Wednesday, June 10, 2009

So Where Are We 6 / 10 / 2009

Readers of this news letter must be feeling pretty good these days. In the face of a horrifying market, we have learned the basics of value investing and risk reduction, and how the global markets ultimately catch up or move down to the real value of companies. Of our value based company selections, one American Express, we were forced to exit due to the added government risk and we lost $1.20 or 5% on that trade. American Express may eventually rise back to $40.00. But we don't like the risk of future government regulation on credit card companies. Our other 2 companies, GE and Dell continue a healthy trend toward our Fair Value or fully valued calculations just north of $15.00. Our gains there have been at least 30% - this is important because it was the use of key value based investment methodology that triggered our buy in pricing at a greatly reduced risk level.

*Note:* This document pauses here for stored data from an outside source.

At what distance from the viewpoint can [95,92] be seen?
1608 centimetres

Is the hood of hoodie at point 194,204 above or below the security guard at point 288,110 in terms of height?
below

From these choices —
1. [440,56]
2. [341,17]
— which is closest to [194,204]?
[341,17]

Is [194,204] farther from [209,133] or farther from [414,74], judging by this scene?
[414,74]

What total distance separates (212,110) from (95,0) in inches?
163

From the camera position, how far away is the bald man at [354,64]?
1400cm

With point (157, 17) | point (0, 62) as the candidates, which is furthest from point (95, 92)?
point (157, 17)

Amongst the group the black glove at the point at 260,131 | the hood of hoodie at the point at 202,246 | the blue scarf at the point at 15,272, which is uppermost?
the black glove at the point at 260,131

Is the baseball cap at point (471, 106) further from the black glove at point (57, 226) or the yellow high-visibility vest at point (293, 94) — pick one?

As for the markets, yes they are getting ahead of themselves, but they are certainly on track to meet our expectations. Indeed the Dow recently closed above 8500 for 5 straight days - creating a new floor.

So here we are, where do we go next?..I wonder what will propel the investment markets from here. My guess is inflation. Inflation is the rise in price of assets. Stock is an asset. Prices for shares will rise. I know to most of you that statement seems backwards. Finance heads would say that a weakening dollar will reduce buying power and will reduce spending which will reduce corporate revenues. Finance heads will say that as inflation rises, the value of US bonds decreases, and ultimately that manifests itself in increased interest rates, further cutting the consumer's ability to spend. That's what Wall Street "experts" will tell you.

Here is the truth though - US corporations are a safe haven for the world's investors because the big ones get bailed out which means their service providers reap the rewards. What does a virtually frozen credit market mean to the stock markets? Nothing right now. Why? Because the the largest US companies whose fundamentals drive the Dow's performance are beneficiaries of inflation environments. They can set prices, they have the largest margins, and they have the greatest reserves to manage their inventory and raw goods costs and ultimately earnings reports.

So while it may seem counter intuitive to Wall Street pros, the truth is, stocks rise during inflationary periods.

Another theme that has been crossing my screens is executive pay and alignment with shareholders. Here's an easy way to do it Boards of Directors. Pay real dividends. When hired offer a significant amount of shares to key executives that vest at 20% over a five year period. Next tell executives their bonus will be paid from dividends in shares they own and have fully vested. Just watch how fast executives align their interests with shareholders.

My recent favorite theme is shareholders calling for the removal of CEO's when their stock falls. Its not a new theme I know, its just one that has surfaced again. Get a grip on yourselves people. CEO's don't control share prices, and they certainly don't prevent you from selling your stock at any time. Investors are a stupid lot, in general. And I'll lump the professional "expert" investors into that grouping as well. They have no issue buying pieces of companies at a price equal to 25 years worth of earnings. That's what you do when you buy stock at a 25.0x earnings multiple. And then these experts wonder why ultimately the stock price falls because the real earnings growth doesn't compel speculators to buy shares at a price equal to 30 years worth of earnings.

Next they blame CEO's for the falling price of the stock they hold...my answer, don't hold it, sell it. Blame CEO's for adding risk to the balance sheet, for falling revenues, for falling earnings, for compensation that is disproportionate to their efforts. But not for stock prices. Investors have shares they are able to sell any time..sell them folks.